Any comments on this patch or alternate approaches?

This looks good to me.

aaron.ballman added inline comments.
lib/Sema/Sema.cpp
1677–1684

Any reason not to inline this in the header file?

lib/Sema/SemaExpr.cpp
4523

const FunctionDecl *

4535

Is it possible for the Optional<> returned here to not hold a value?

13746–13751

Ternary operator in S.Diag() would be just as clear, I think.

Also, you should not need to call getDeclName() as the diagnostic engine will automatically do the right thing. As is stands, this won't properly quote the name in the diagnostic.

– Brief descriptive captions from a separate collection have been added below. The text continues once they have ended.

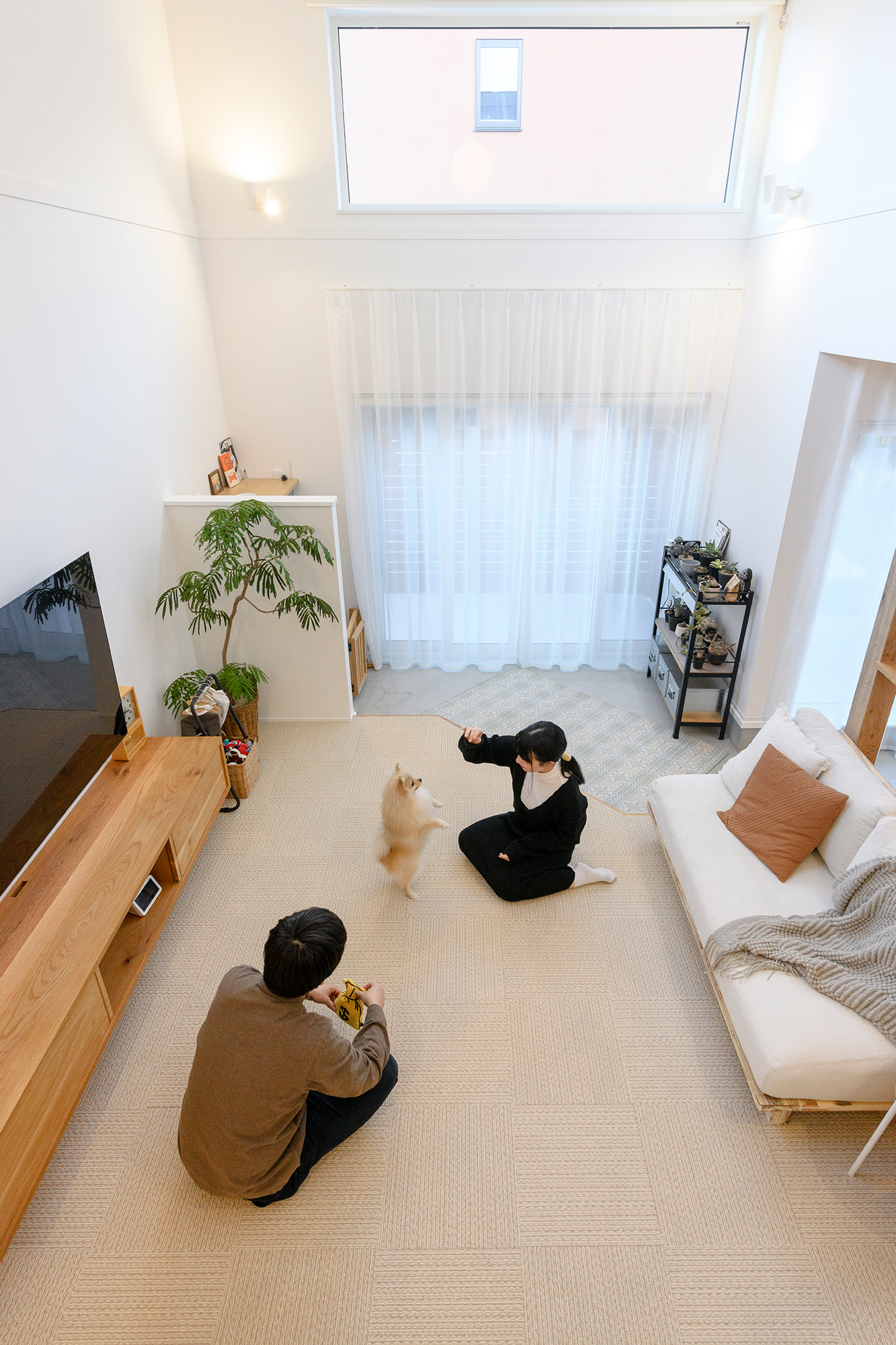 デザインと機能性を両立したシアタールームのある家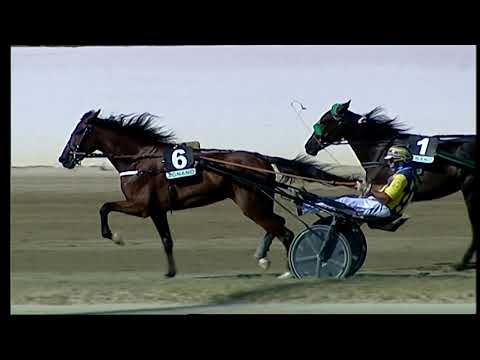 Napoli Trotto 24/09/2021 - 1ª corsa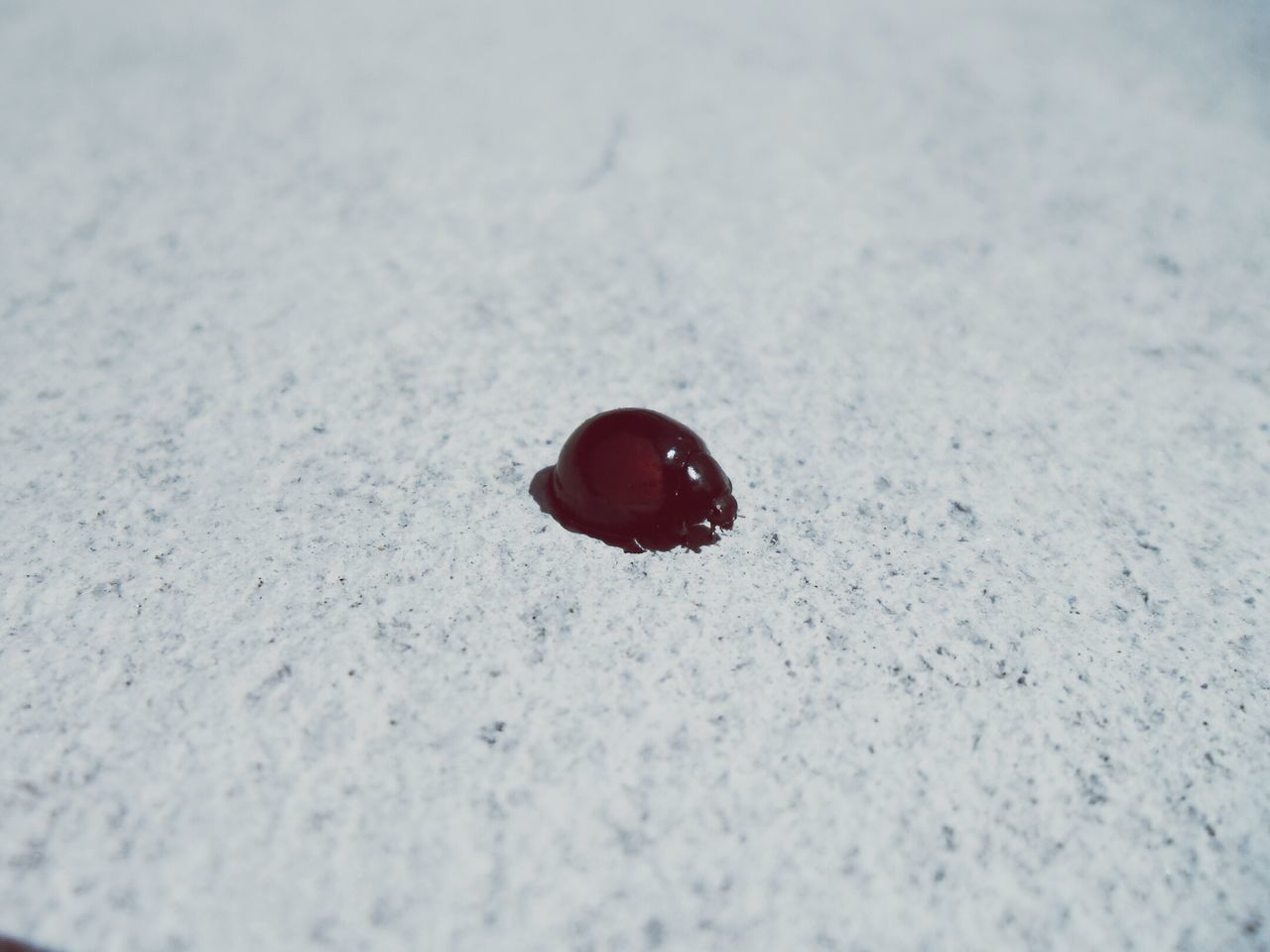 insect, one animal, animal themes, animals in the wild, wildlife, close-up, selective focus, high angle view, nature, ladybug, textured, snail, red, animal shell, day, no people, outdoors, brown, animal antenna, full length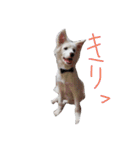 わたあめちゃん（白い犬）（個別スタンプ：16）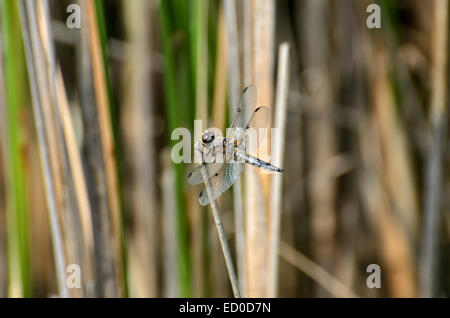 Une libellule bleue reposant à proximité d'un lac Banque D'Images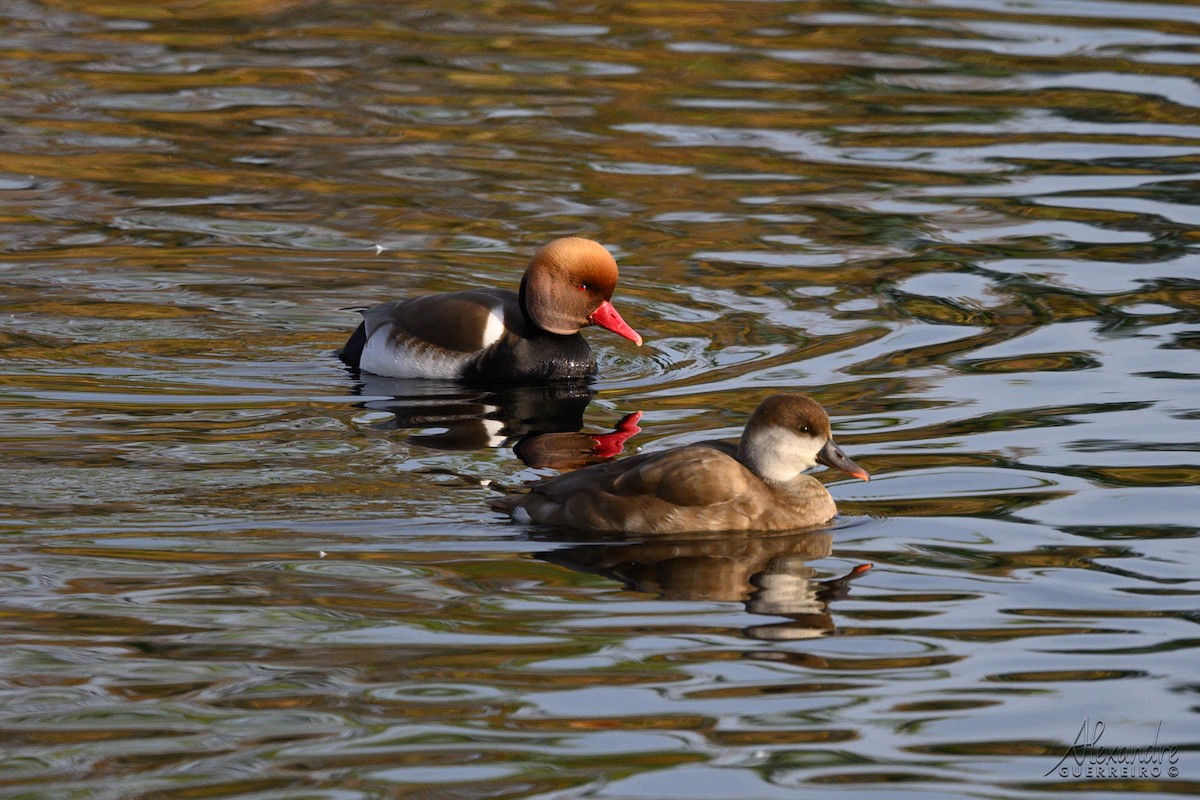 Red-crested Pochard - ML646212332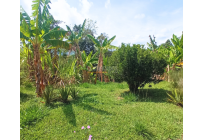 Casas, Venta, Restrepo - $370.000.000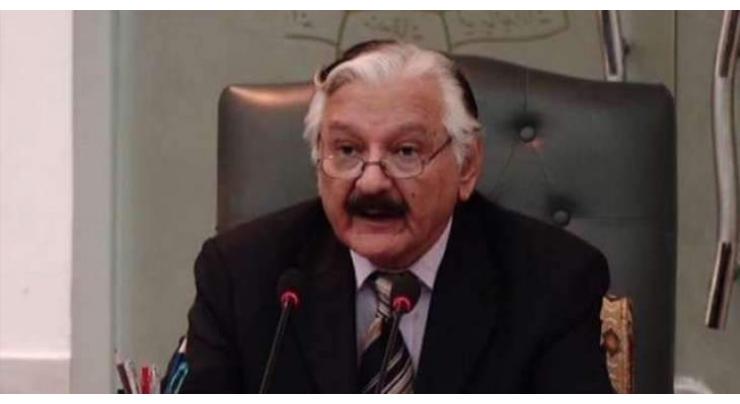 All political sectors will have to contribute in strengthening ECO: Sardar Raza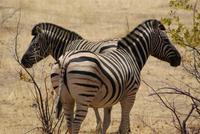 Steppenzebra 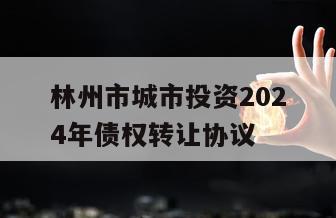 林州市城市投资2024年债权转让协议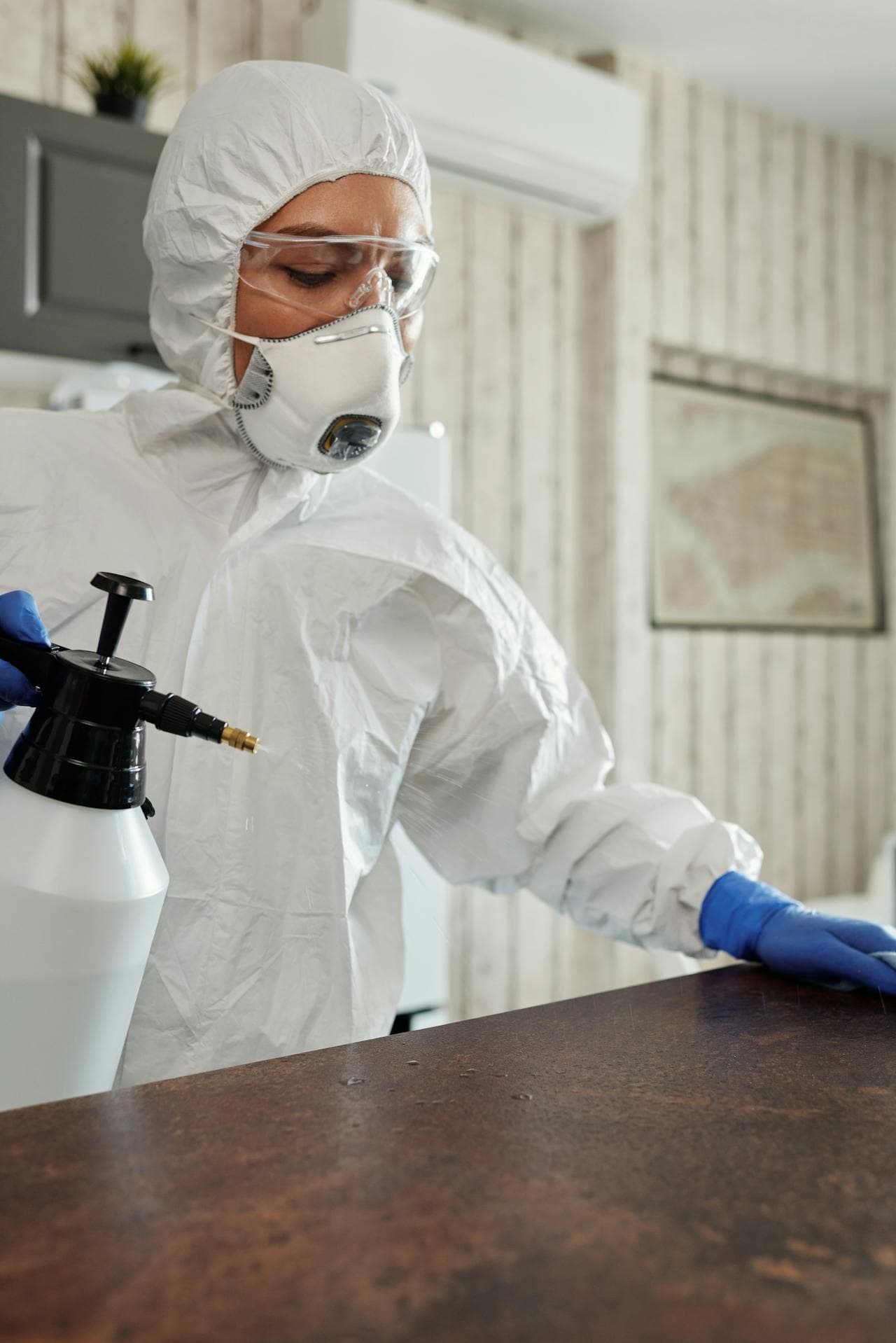 Professional mold remediation in Houston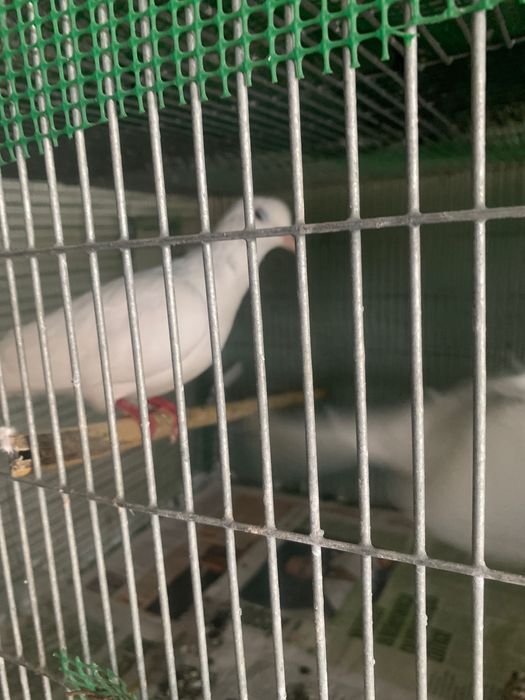 Casal de Pombos brancos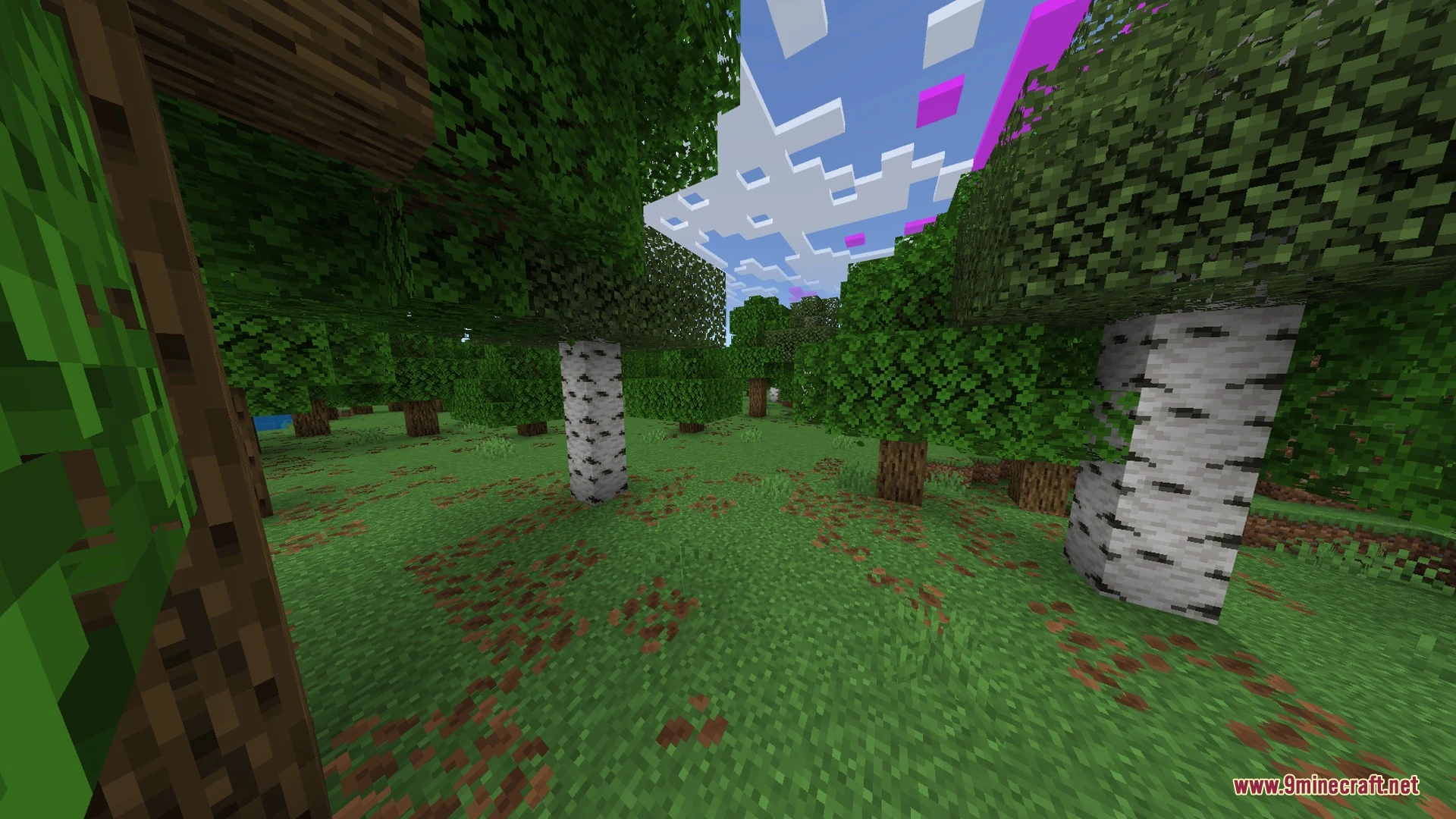 Newb X Unwind Shader (1.21.20+) – MCPE/Bedrock Screenshot 2 Newb X Unwind Shader (1.21.20+) – MCPE/Bedrock Screenshot 2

Please take a look at http://www.open-std.org/jtc1/sc22/wg21/docs/papers/2017/p0588r1.html, which respecifies the rules for lambda capture and its interaction with default arguments, and has been voted into the C++ working paper as a defect report resolution. The approach there is to use a purely syntactic, scope-based mechanism to detect problems such as this. (In dependent contexts, we can track on the DeclRefExpr whether the name is odr-usable, in case we can't tell whether it's odr-used from the template definition alone.)

include/clang/Sema/Sema.h
1062

There are lots of cases where we switch context in the middle of handling an expression, for instance to instantiate a template (or even *parse* a template in MSVC-compatible delayed template parsing mode). It's not reasonable to add a new form of state that all those places will need to save and restore themselves.

Please consider whether this would make sense as a member of the ExpressionEvaluationContextRecord or similar.

lib/Sema/SemaExpr.cpp
4520–4541

Use addInstantiatedParametersToScope for this.

This bugfix looks to be independent of the fix for lambdas; can you factor it out into a separate patch?